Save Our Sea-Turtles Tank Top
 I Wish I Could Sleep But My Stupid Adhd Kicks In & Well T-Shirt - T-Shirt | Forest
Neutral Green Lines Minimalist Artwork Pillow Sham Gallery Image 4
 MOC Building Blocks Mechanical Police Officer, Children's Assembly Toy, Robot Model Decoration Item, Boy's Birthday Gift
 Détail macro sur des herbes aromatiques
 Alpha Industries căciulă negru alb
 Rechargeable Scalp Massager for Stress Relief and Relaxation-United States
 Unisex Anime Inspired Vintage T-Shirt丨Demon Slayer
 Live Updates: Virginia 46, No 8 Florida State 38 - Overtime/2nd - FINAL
□ □ □ □ □ □ □
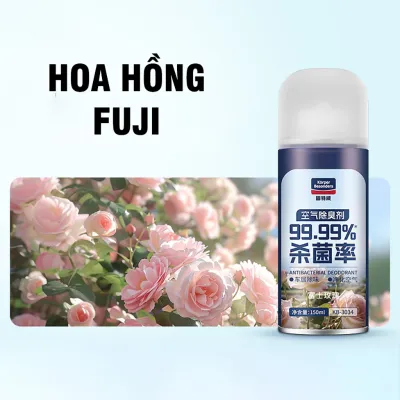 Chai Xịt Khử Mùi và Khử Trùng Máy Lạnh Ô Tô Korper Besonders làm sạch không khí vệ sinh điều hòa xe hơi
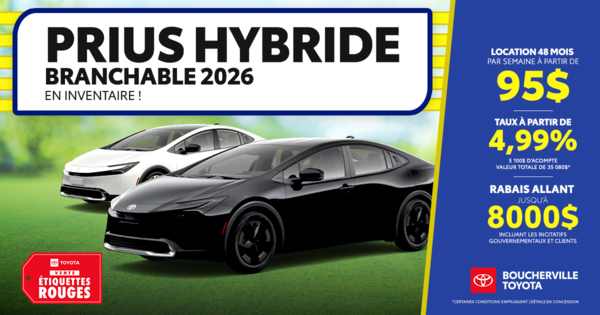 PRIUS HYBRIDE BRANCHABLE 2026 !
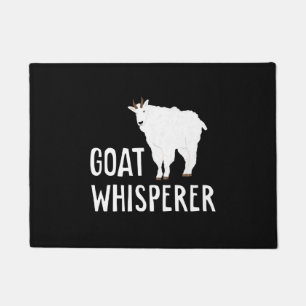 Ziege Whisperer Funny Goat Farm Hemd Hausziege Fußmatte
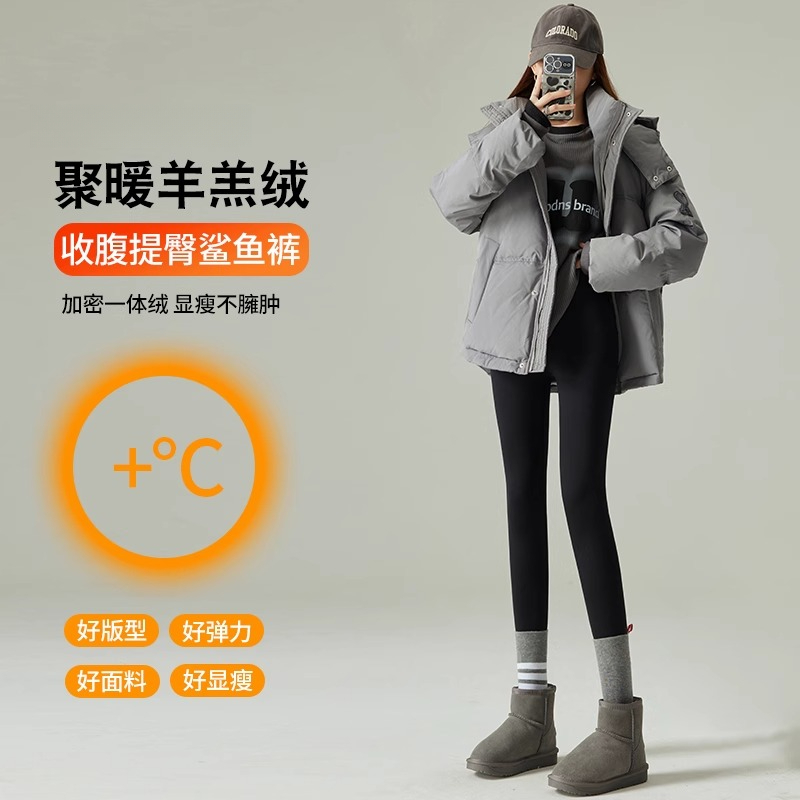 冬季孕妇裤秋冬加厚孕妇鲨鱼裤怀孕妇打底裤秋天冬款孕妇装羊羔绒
□ □ □ □ □ □ □
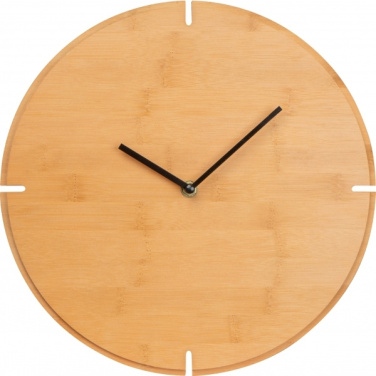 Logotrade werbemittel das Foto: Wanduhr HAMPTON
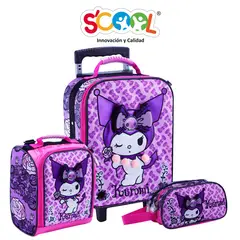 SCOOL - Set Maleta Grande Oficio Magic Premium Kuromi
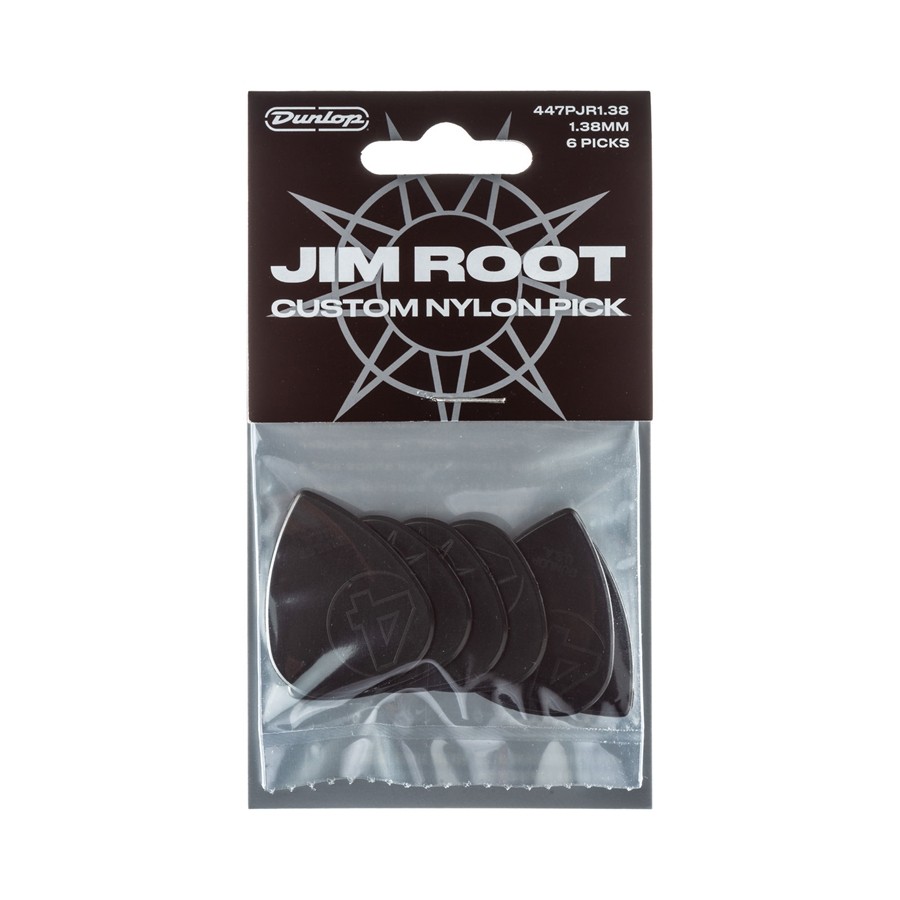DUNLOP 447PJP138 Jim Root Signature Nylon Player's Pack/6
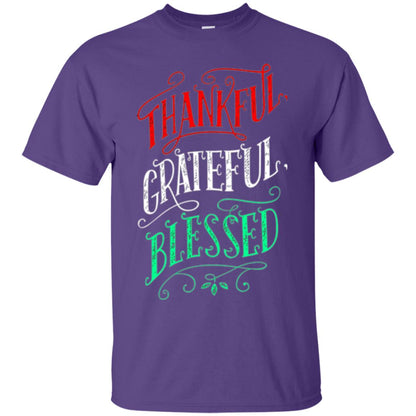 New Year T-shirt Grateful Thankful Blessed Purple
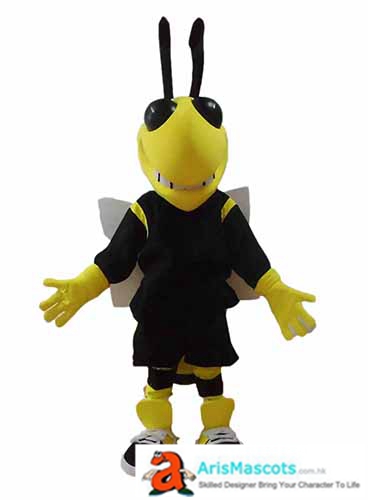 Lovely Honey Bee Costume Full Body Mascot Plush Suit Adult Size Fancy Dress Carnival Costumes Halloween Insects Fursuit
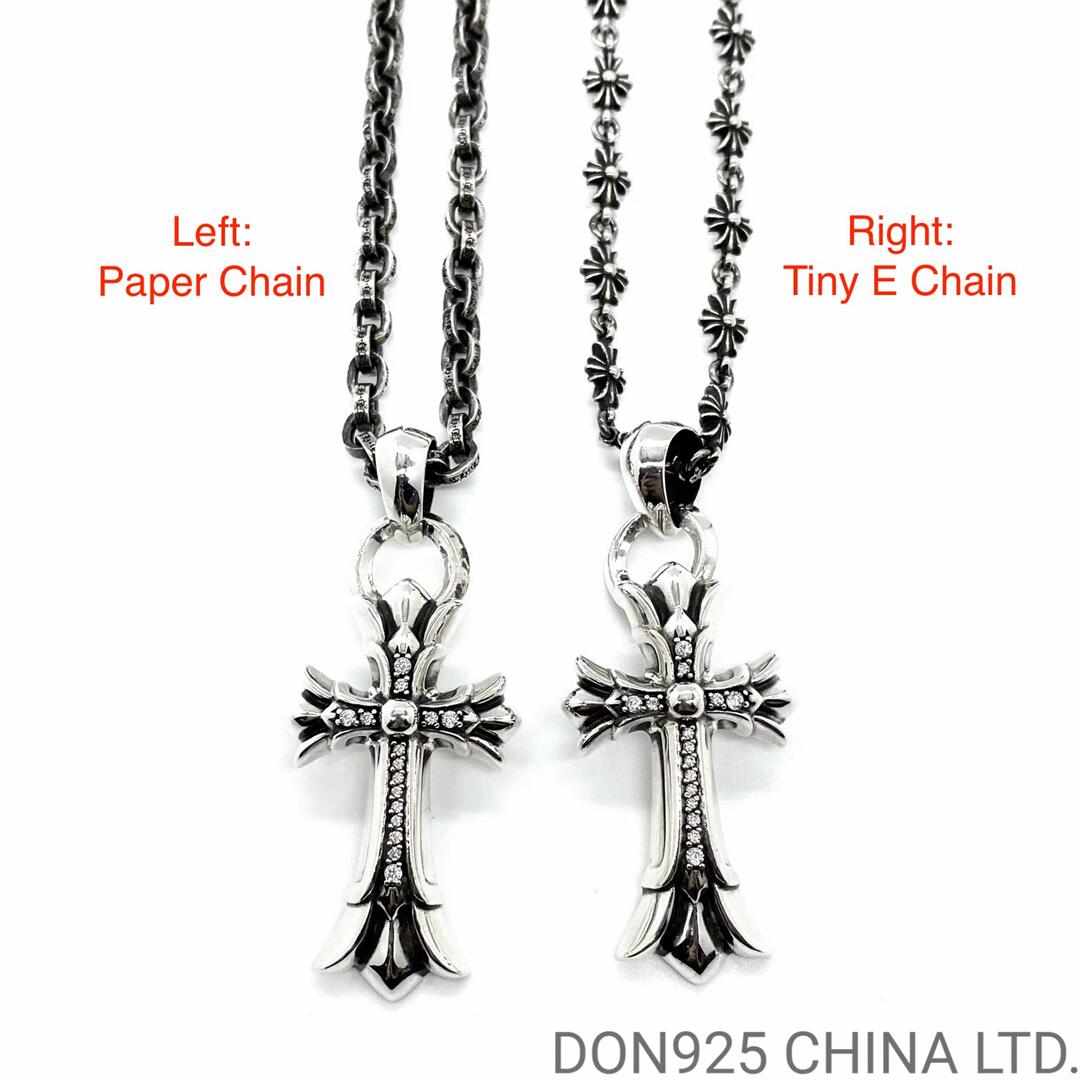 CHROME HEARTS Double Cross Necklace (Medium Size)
□ □ □ □ □ □ □
# Exercise requirements
Now transcribe the lines above exactly, starting at the line containing "Lovely Honey Bee" and ending at the line containing "CHROME HEARTS Double", both lines included, pictures excluded.

# Solution
 Lovely Honey Bee Costume Full Body Mascot Plush Suit Adult Size Fancy Dress Carnival Costumes Halloween Insects Fursuit
 CHROME HEARTS Double Cross Necklace (Medium Size)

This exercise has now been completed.